→ Crawled caption data:
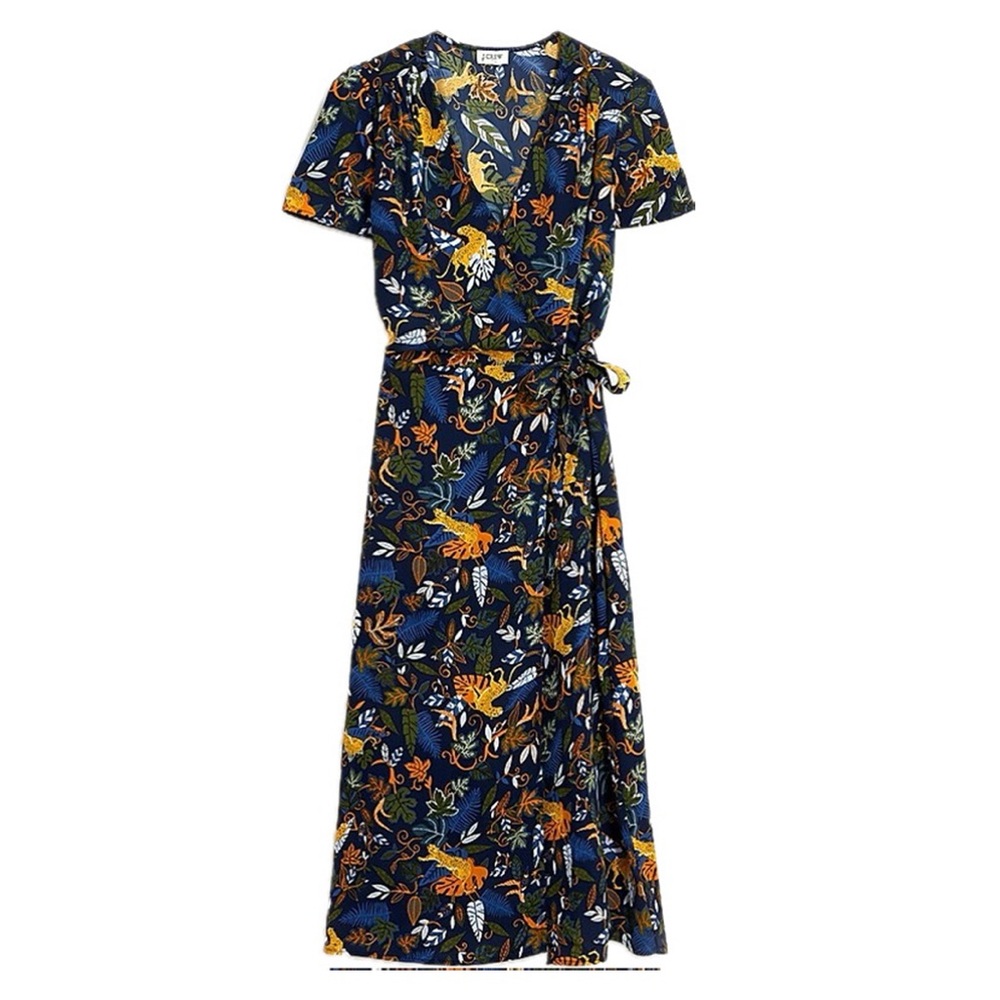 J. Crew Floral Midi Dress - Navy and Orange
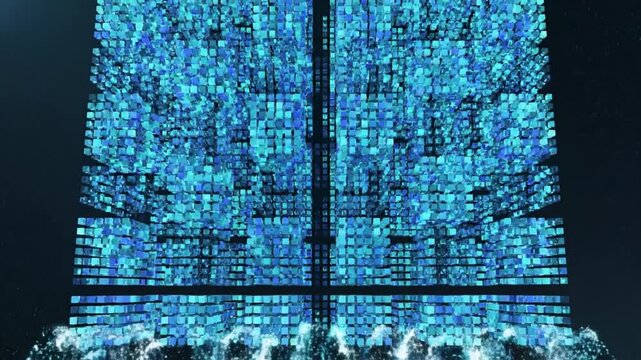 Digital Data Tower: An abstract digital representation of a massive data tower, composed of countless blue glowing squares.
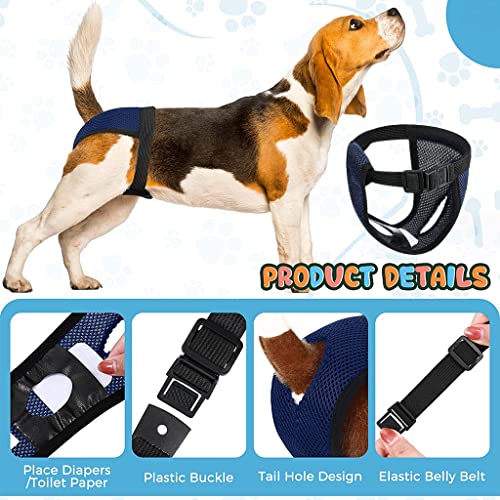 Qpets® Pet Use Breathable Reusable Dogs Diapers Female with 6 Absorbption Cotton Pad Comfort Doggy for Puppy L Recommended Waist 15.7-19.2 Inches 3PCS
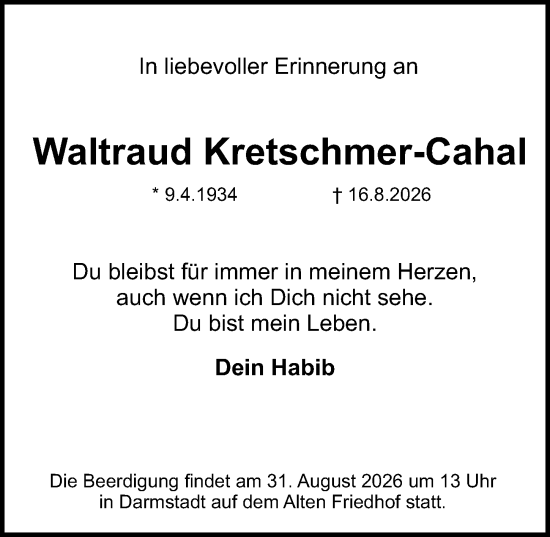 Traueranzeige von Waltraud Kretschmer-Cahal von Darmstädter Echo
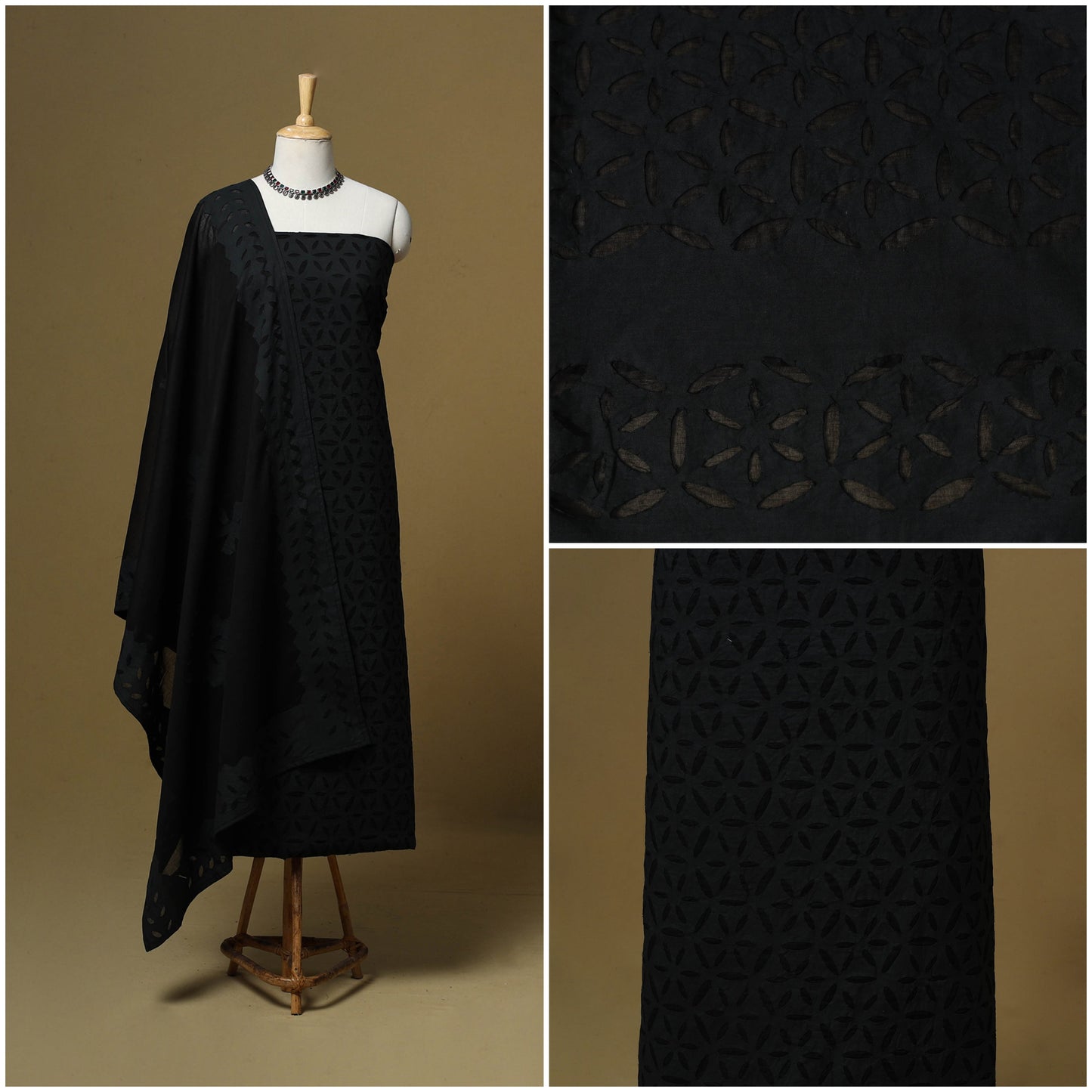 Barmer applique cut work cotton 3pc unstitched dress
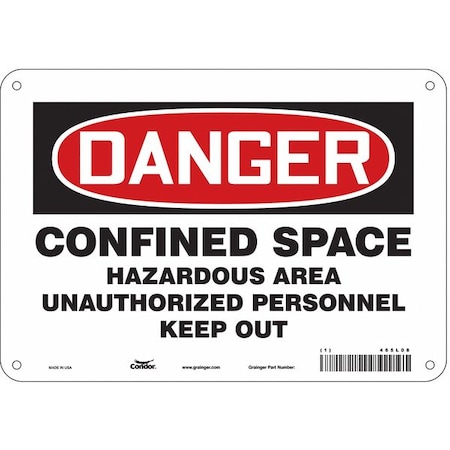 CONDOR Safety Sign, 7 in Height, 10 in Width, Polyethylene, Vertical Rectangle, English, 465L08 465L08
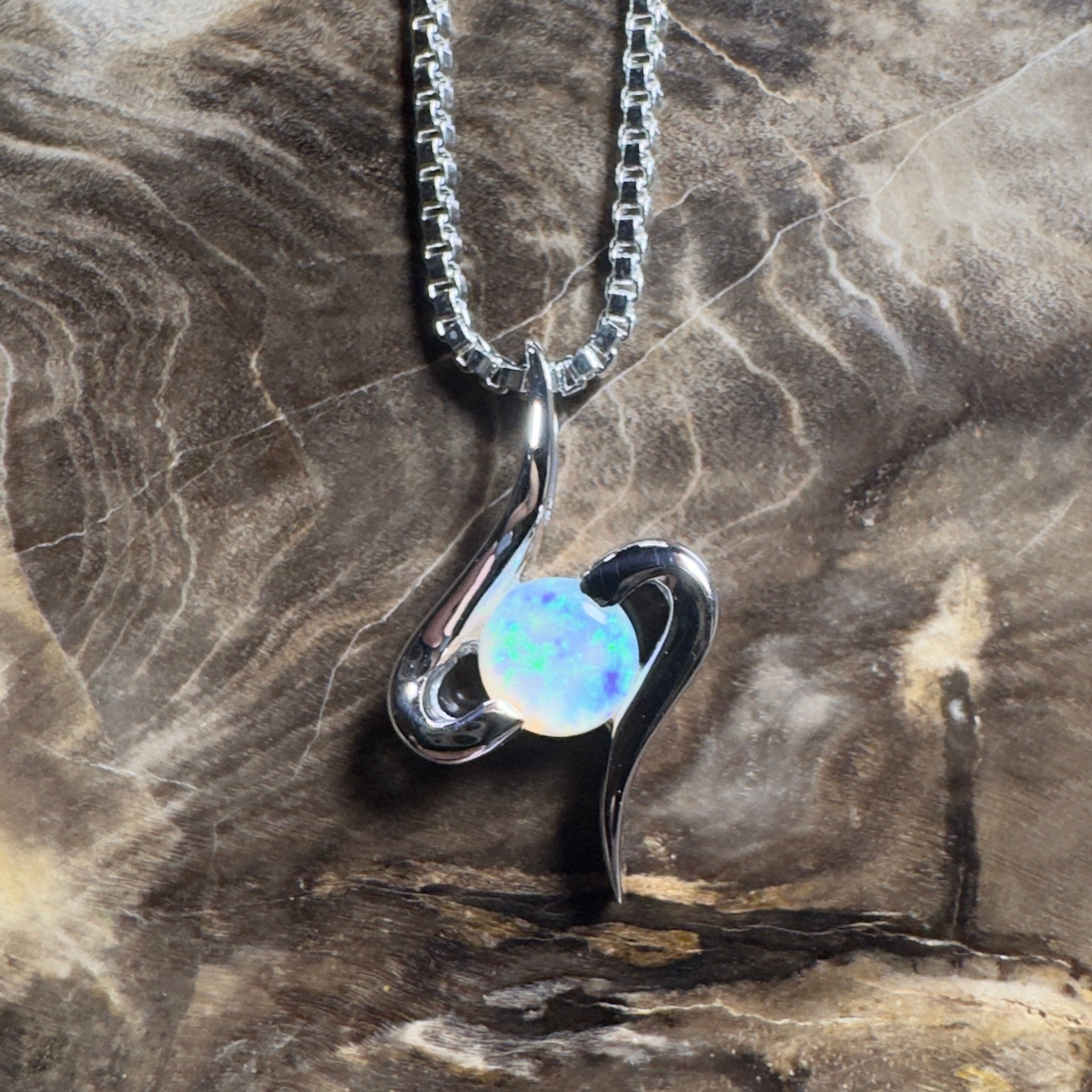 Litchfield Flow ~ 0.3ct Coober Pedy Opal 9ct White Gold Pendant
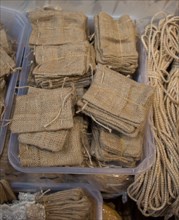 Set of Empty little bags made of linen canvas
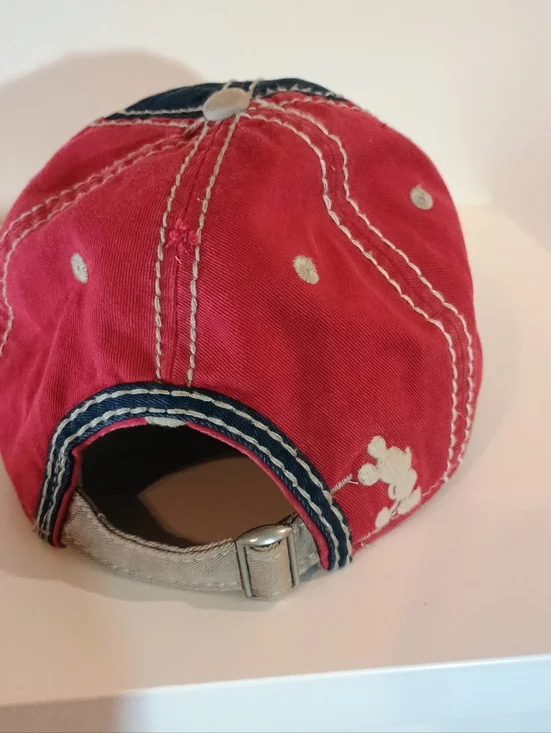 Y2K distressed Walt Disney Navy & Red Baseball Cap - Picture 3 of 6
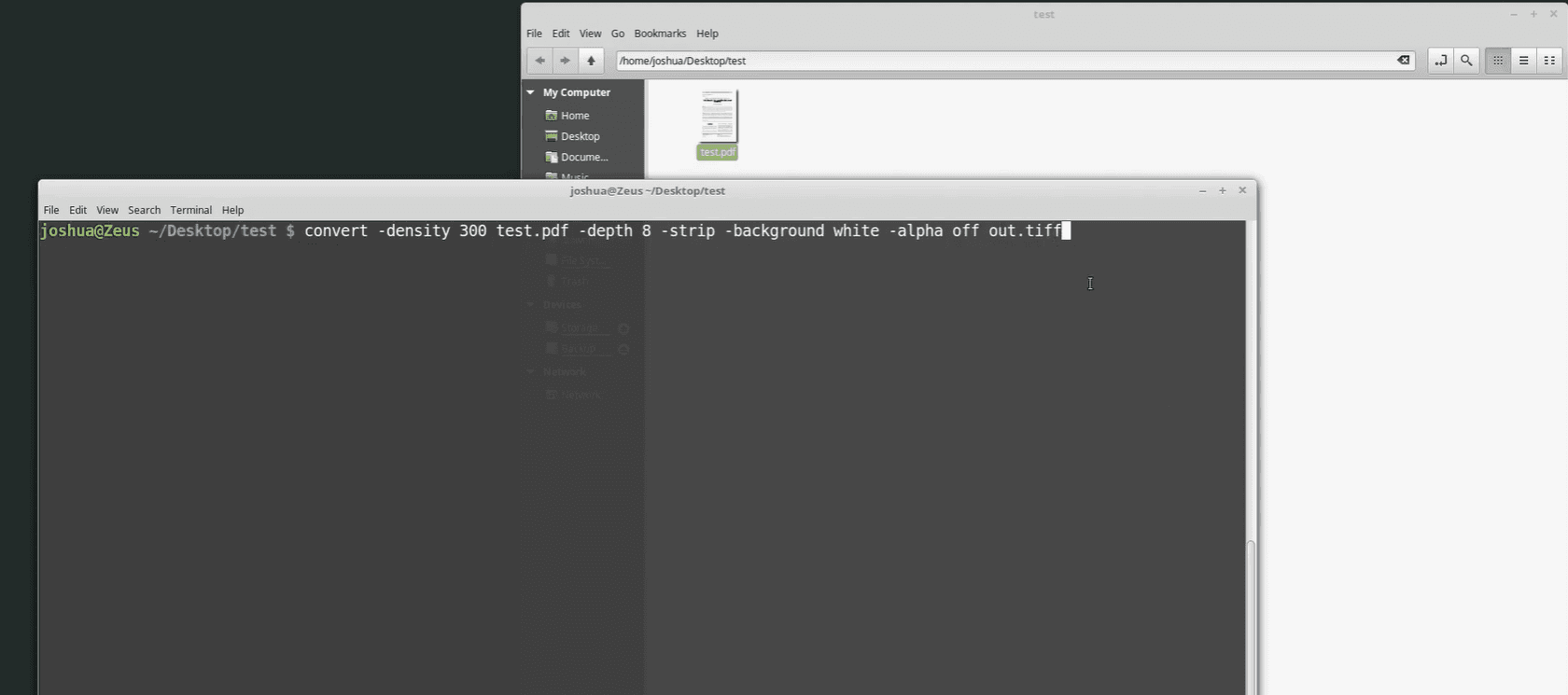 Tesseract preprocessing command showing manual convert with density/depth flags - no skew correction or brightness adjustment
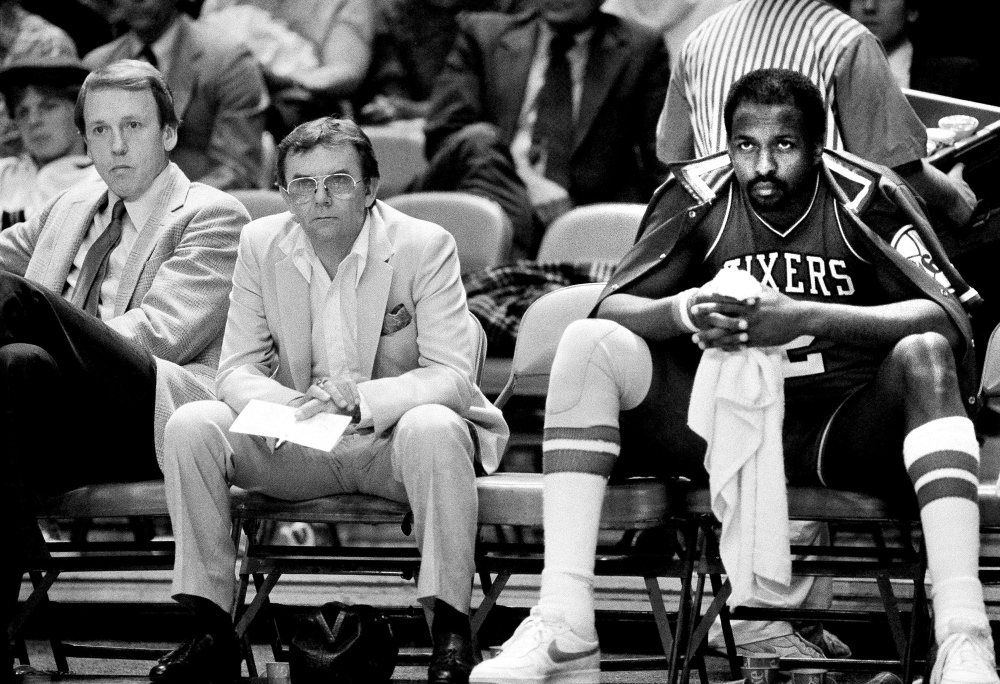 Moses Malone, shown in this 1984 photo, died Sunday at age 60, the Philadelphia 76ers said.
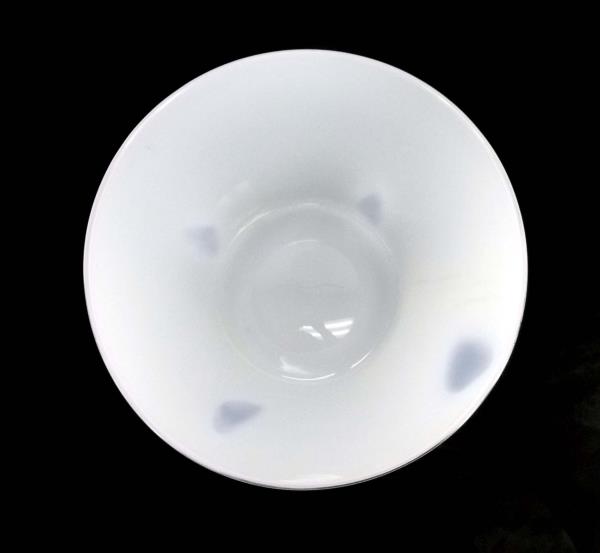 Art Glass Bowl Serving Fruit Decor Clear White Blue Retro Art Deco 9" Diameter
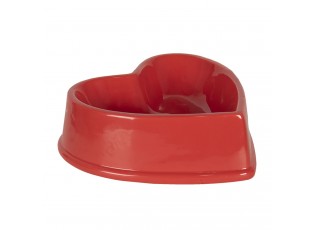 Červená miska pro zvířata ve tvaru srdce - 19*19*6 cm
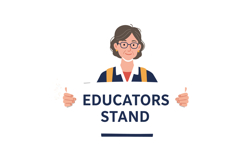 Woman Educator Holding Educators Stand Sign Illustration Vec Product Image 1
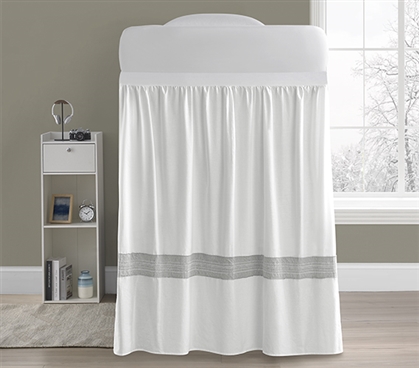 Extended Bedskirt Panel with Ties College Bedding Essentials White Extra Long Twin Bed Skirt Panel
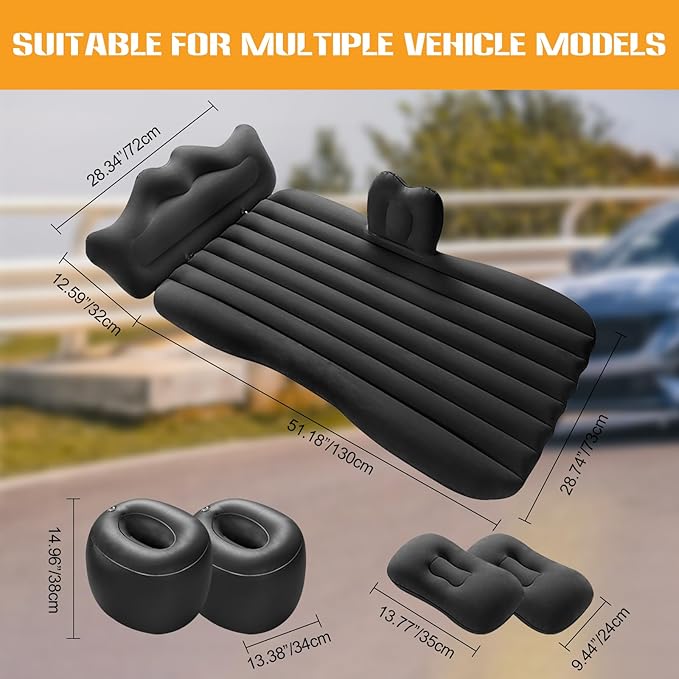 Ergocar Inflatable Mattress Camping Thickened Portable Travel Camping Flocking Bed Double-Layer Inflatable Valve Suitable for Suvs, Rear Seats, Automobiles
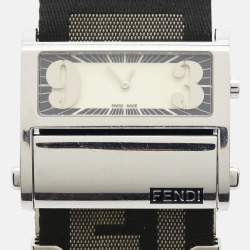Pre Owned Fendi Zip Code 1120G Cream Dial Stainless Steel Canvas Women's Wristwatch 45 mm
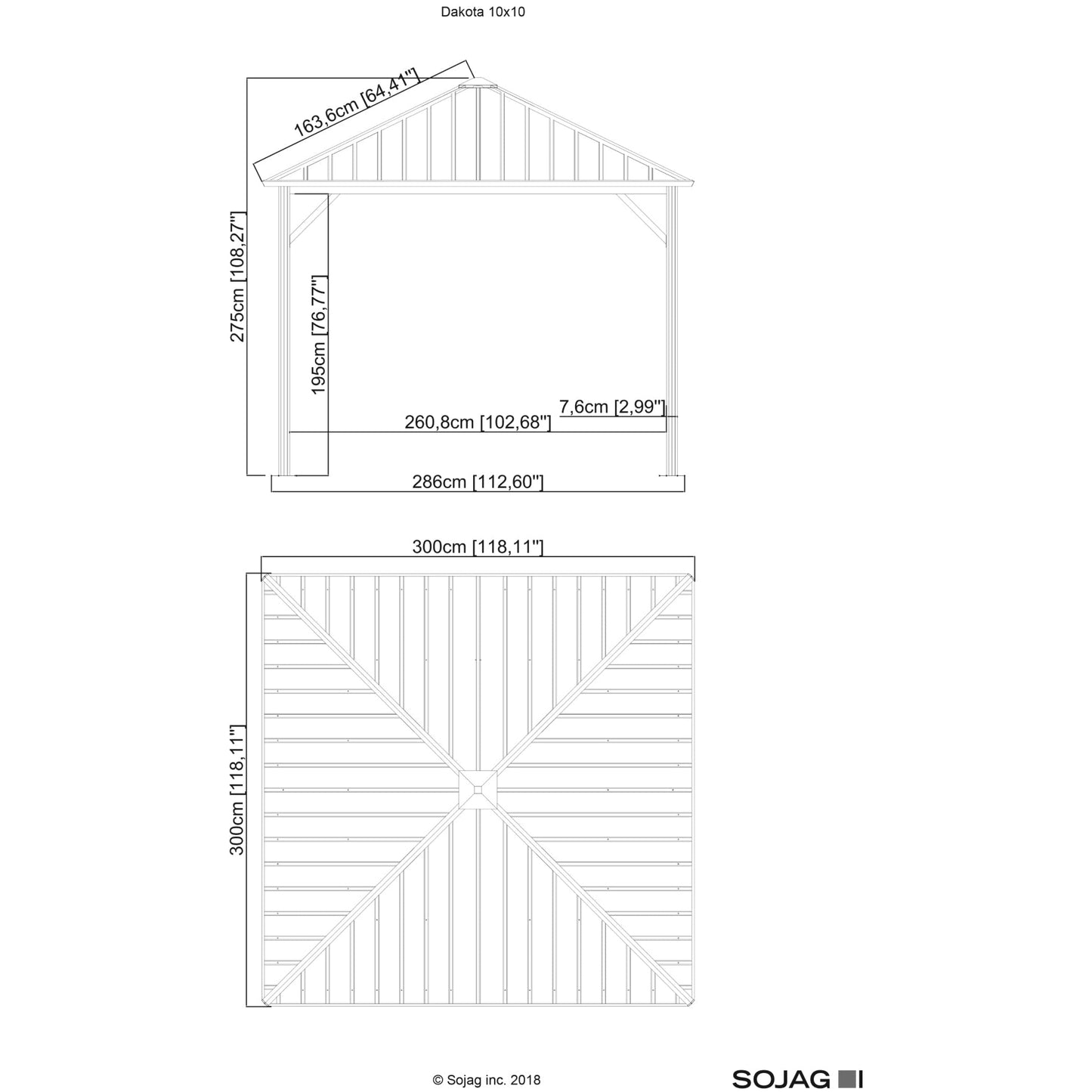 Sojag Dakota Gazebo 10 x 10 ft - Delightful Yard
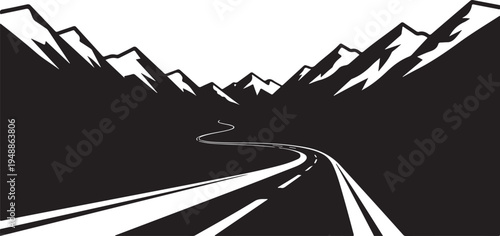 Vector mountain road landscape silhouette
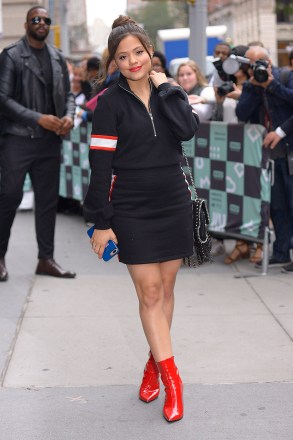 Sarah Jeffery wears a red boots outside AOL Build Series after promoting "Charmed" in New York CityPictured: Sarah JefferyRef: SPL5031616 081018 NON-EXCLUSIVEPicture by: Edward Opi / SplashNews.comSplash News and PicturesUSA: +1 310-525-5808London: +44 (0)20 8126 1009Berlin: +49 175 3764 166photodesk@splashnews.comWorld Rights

→ TASK BRIEF: Leave the images out and transcribe the remaining data above word for word.

→ TASK RESPONSE:
 J. Crew Floral Midi Dress - Navy and Orange
 Digital Data Tower: An abstract digital representation of a massive data tower, composed of countless blue glowing squares.
 Qpets® Pet Use Breathable Reusable Dogs Diapers Female with 6 Absorbption Cotton Pad Comfort Doggy for Puppy L Recommended Waist 15.7-19.2 Inches 3PCS
 Traueranzeige von Waltraud Kretschmer-Cahal von Darmstädter Echo
 Barmer applique cut work cotton 3pc unstitched dress
 CONDOR Safety Sign, 7 in Height, 10 in Width, Polyethylene, Vertical Rectangle, English, 465L08 465L08
 Litchfield Flow ~ 0.3ct Coober Pedy Opal 9ct White Gold Pendant
 Set of Empty little bags made of linen canvas
 Y2K distressed Walt Disney Navy & Red Baseball Cap - Picture 3 of 6
 Tesseract preprocessing command showing manual convert with density/depth flags - no skew correction or brightness adjustment
 Moses Malone, shown in this 1984 photo, died Sunday at age 60, the Philadelphia 76ers said.
 Art Glass Bowl Serving Fruit Decor Clear White Blue Retro Art Deco 9" Diameter
 Červená miska pro zvířata ve tvaru srdce - 19*19*6 cm
 Woman Educator Holding Educators Stand Sign Illustration Vec Product Image 1
 Extended Bedskirt Panel with Ties College Bedding Essentials White Extra Long Twin Bed Skirt Panel
 Ergocar Inflatable Mattress Camping Thickened Portable Travel Camping Flocking Bed Double-Layer Inflatable Valve Suitable for Suvs, Rear Seats, Automobiles
Pre Owned Fendi Zip Code 1120G Cream Dial Stainless Steel Canvas Women's Wristwatch 45 mm
 Sojag Dakota Gazebo 10 x 10 ft - Delightful Yard
 Vector mountain road landscape silhouette
 Sarah Jeffery wears a red boots outside AOL Build Series after promoting "Charmed" in New York CityPictured: Sarah JefferyRef: SPL5031616 081018 NON-EXCLUSIVEPicture by: Edward Opi / SplashNews.comSplash News and PicturesUSA: +1 310-525-5808London: +44 (0)20 8126 1009Berlin: +49 175 3764 166photodesk@splashnews.comWorld Rights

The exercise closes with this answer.